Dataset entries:
▬▬▬▬▬▬
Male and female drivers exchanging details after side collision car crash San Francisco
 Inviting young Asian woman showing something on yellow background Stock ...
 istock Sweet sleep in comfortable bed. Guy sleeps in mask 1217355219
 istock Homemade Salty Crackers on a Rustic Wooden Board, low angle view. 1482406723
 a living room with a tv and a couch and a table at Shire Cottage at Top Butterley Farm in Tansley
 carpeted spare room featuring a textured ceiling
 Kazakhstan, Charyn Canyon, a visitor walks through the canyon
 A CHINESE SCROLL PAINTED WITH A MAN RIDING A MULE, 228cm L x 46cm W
▬▬▬▬▬▬
Looking at the entries above, work out how many lines contain "istock", then reply with that number and no other words.

2